--- Your task ---
Verbatim output required. Print the data in full.

(Stored data)
--- START ---

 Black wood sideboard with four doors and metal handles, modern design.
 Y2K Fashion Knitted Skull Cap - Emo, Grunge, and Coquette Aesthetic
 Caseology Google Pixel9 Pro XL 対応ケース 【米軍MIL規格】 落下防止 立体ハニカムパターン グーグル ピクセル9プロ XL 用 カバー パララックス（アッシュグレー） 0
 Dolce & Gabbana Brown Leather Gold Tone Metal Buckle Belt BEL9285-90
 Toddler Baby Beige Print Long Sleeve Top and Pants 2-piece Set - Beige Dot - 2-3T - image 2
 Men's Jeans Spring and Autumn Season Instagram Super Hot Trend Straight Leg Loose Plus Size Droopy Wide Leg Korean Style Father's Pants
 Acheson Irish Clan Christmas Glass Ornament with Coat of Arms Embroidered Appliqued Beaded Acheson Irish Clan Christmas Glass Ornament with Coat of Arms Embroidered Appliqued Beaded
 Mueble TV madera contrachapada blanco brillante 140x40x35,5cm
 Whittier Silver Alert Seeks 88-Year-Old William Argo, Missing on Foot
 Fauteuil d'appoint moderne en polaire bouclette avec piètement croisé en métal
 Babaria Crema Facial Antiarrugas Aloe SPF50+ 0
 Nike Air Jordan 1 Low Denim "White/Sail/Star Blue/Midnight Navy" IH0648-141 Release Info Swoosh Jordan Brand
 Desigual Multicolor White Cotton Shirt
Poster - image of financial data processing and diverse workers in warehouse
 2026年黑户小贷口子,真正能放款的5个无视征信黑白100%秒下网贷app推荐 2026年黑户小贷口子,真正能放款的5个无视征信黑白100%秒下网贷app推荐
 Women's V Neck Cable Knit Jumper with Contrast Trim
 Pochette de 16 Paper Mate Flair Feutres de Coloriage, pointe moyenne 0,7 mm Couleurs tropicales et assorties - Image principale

--- END ---

--- Answer below ---
 Black wood sideboard with four doors and metal handles, modern design.
 Y2K Fashion Knitted Skull Cap - Emo, Grunge, and Coquette Aesthetic
 Caseology Google Pixel9 Pro XL 対応ケース 【米軍MIL規格】 落下防止 立体ハニカムパターン グーグル ピクセル9プロ XL 用 カバー パララックス（アッシュグレー） 0
 Dolce & Gabbana Brown Leather Gold Tone Metal Buckle Belt BEL9285-90
 Toddler Baby Beige Print Long Sleeve Top and Pants 2-piece Set - Beige Dot - 2-3T - image 2
 Men's Jeans Spring and Autumn Season Instagram Super Hot Trend Straight Leg Loose Plus Size Droopy Wide Leg Korean Style Father's Pants
 Acheson Irish Clan Christmas Glass Ornament with Coat of Arms Embroidered Appliqued Beaded Acheson Irish Clan Christmas Glass Ornament with Coat of Arms Embroidered Appliqued Beaded
 Mueble TV madera contrachapada blanco brillante 140x40x35,5cm
 Whittier Silver Alert Seeks 88-Year-Old William Argo, Missing on Foot
 Fauteuil d'appoint moderne en polaire bouclette avec piètement croisé en métal
 Babaria Crema Facial Antiarrugas Aloe SPF50+ 0
 Nike Air Jordan 1 Low Denim "White/Sail/Star Blue/Midnight Navy" IH0648-141 Release Info Swoosh Jordan Brand
 Desigual Multicolor White Cotton Shirt
Poster - image of financial data processing and diverse workers in warehouse
 2026年黑户小贷口子,真正能放款的5个无视征信黑白100%秒下网贷app推荐 2026年黑户小贷口子,真正能放款的5个无视征信黑白100%秒下网贷app推荐
 Women's V Neck Cable Knit Jumper with Contrast Trim
 Pochette de 16 Paper Mate Flair Feutres de Coloriage, pointe moyenne 0,7 mm Couleurs tropicales et assorties - Image principale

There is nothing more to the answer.